Ein Freizeichen. Ein langes Tuten. Niemand hebt ab. Dann klingelt parallel hierzu ein Telefon. Einmal. Zweimal. Ein weiteres läutet. Ein ganz anderer Klang. Retro. Diesmal aus der linken hinteren Ecke des Raumes. Schließlich greift jemand zum Hörer. „Hello?”, fragt eine männliche Stimme. Dann setzt die Melodie ein. Die Melodie von „Looking Out For You”. Sanfte Pianoklänge, gespielt auf dem Synthesizer. Gespielt von Schiller. Bass setzt ein. Die Drums kommen hinzu. Erst kaum wahrnehmbar, später bombastisch, brachial und mit voller Wucht. Die Vocals von Tricia McTeague, die Strophen und Refrain singt. Einige Minuten später ist der Track vorbei. Ruhe. Der riesige Proberaum erstarrt in seiner vollen Stille. Die Musiker: hochkonzentriert und mit geschlossenen Augen. Dann ein erleichtertes „Yeah”-Raunen, das durch den Raum schallt. „Great, but can we do it one more time?”, fragt der Schlagzeuger. Ein Freizeichen. Ein langes Tuten. Niemand hebt ab …

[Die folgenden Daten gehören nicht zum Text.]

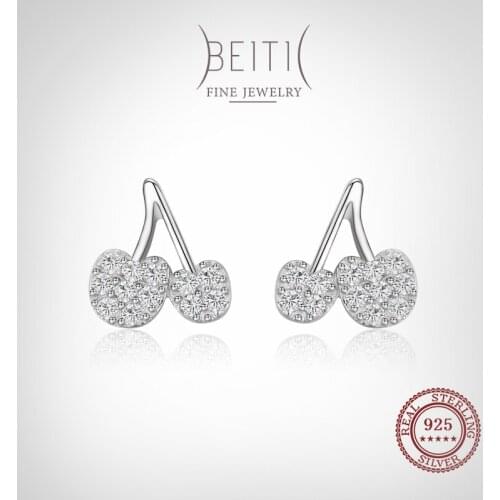 Beitil Clear Zircon Cute Miniature Cherry Stud Earring For Women Girl Cute Accessories Fashion 925 Sterling Silver Jewelry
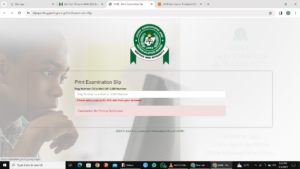 JAMB examination slip printing portal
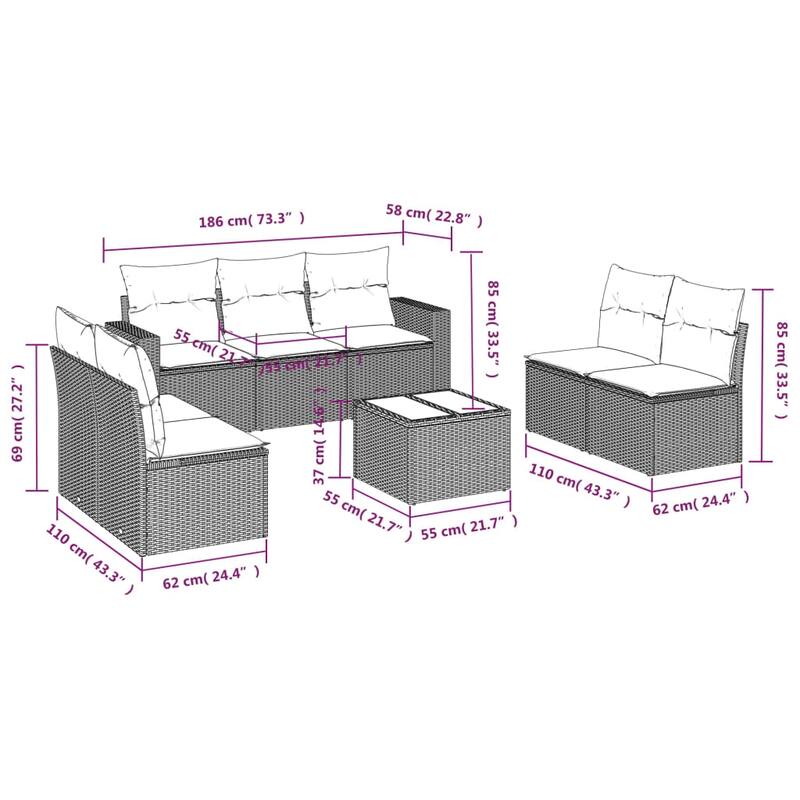 vidaXL Patio Sofa Set with Cushions Outdoor Conversation Furniture Poly Rattan - 25.8" x 24.4" x 27.2"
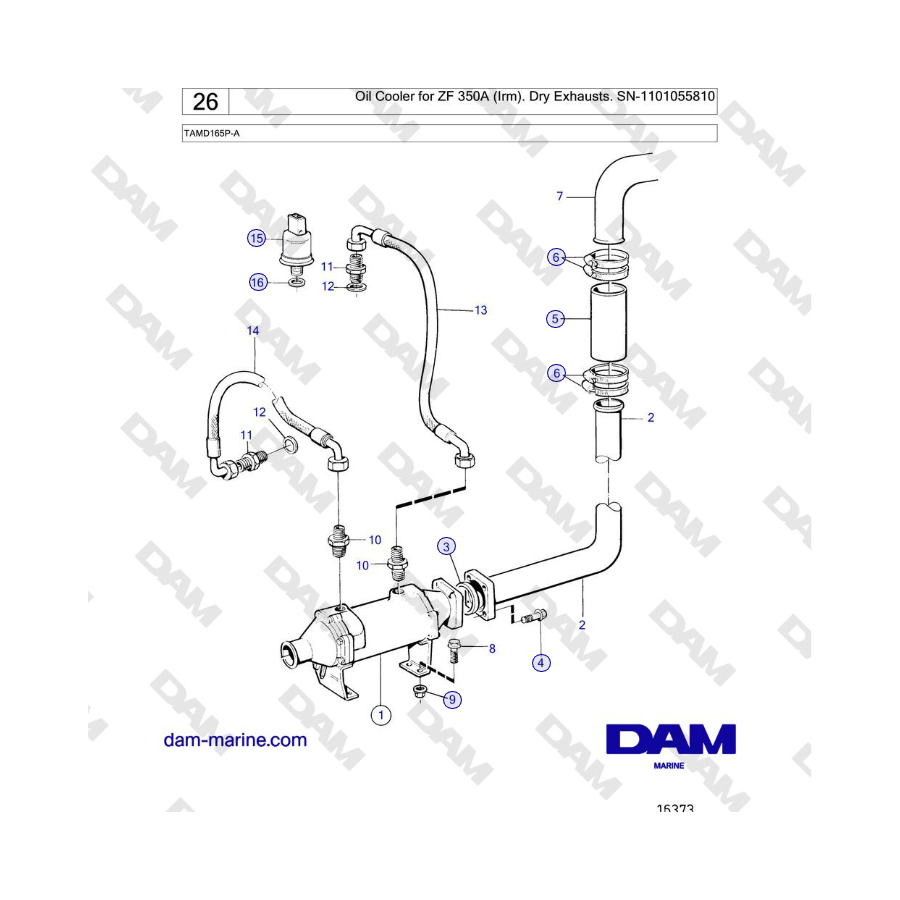 Volvo Penta TAMD165P-A - Oil Cooler for ZF 350A (Irm). Dry Exhausts. SN-1101055810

Das waren die ersten Minuten nach meiner Ankunft im Rehearsal – einem großen, bestimmt sechs Meter hohen Proberaum, rundum mit schwarzen Stoffen verhangen. Gut zwei Meter hohe Boxenblöcke. Eine straßenlaternenartige, dezente Beleuchtung, auf Live-Set und Musiker gerichtet. Eine Vier-Punkt-Beschallung, die den Surround-Sound generiert. Ich bin live dabei, wenn Christopher von Deylen alias Schiller mit seiner zum Teil neu zusammengestellten Band für die große Arena-Live-Tournee probt. Hier, im Studio 20/20, bei einem der weltweit führenden Event-Ausstatter und Bühnenbauer: satis & fy, im nordrhein-westfälischen Werne. Tontechniker Peter Amoneit reicht mir den berühmten „Knopf im Ohr”, wie ihn die Musiker bei ihren Live-Konzerten tragen, damit ich den Sound nicht nur über die P.A. höre. Der Beginn einer wunderbaren musikalischen Reise für mich. Denn eigentlich waren mir 60 Minuten Zeit eingeräumt. Doch aus 60 Minuten wurden fünf Stunden.

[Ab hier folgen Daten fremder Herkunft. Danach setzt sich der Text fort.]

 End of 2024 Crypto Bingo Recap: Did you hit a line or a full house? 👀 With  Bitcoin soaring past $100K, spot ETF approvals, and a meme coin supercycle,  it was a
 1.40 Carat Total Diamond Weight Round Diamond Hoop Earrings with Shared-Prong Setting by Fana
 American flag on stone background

20 Jahre Schiller. 1999 bis 2019. Zwei Dekaden außergewöhnliches Schaffensdasein eines musikalischen Ausnahmekünstlers, dessen Stil bis heute weltweit einmalig ist. Oft kopiert, nie erreicht. Ein kreativer Kopf und Visionär, den es von Hamburg nach Berlin nach Global Planet verschlagen hat. Ein Zuhause? Hat der wegweisende Synthesizer-Pionier, sympathische Freigeist und bodenständige Kosmopolit nicht. Sein Zuhause ist die Welt. Und seine Welt ist der Klang. Sphärisch, elementar, poetisch, melodiös, verträumt und hypnotisch. Mal beatorientiert, mal vocallastig. Immer zum Nachdenken, Abschalten, Relaxen und In-sich-Gehen anregend. Runterfahren. Oder „downcoolen”, wie man heutzutage auch sagt. Klare Arrangements und Strukturen in den Werken, kraftvolle Tracks mit einer prägnanten Symbiose aus rollenden, sich peu à peu steigernden Inhalten und eingängigen, langen Flächenpassagen. Mit Feinsinn und Fingerspitzengefühl komponiert. Sieben Millionen verkaufte Tonträger. Gold- und Platin-Auszeichnungen. Nr-1-Alben. Ausverkaufte Tourneen. Aufwendige Licht- und Laser-Installationen und exzellent ausgesteuerter Surround-Sound. Das ist Schiller. Das ist Christopher von Deylen, der in den 1990er-Jahren als Praktikant in Hamburger Tonstudios den Grundstein seiner Karriere legte und lernte, wie man Musik produziert und Alben aufnimmt. Das ist Christopher von Deylen alias Schiller.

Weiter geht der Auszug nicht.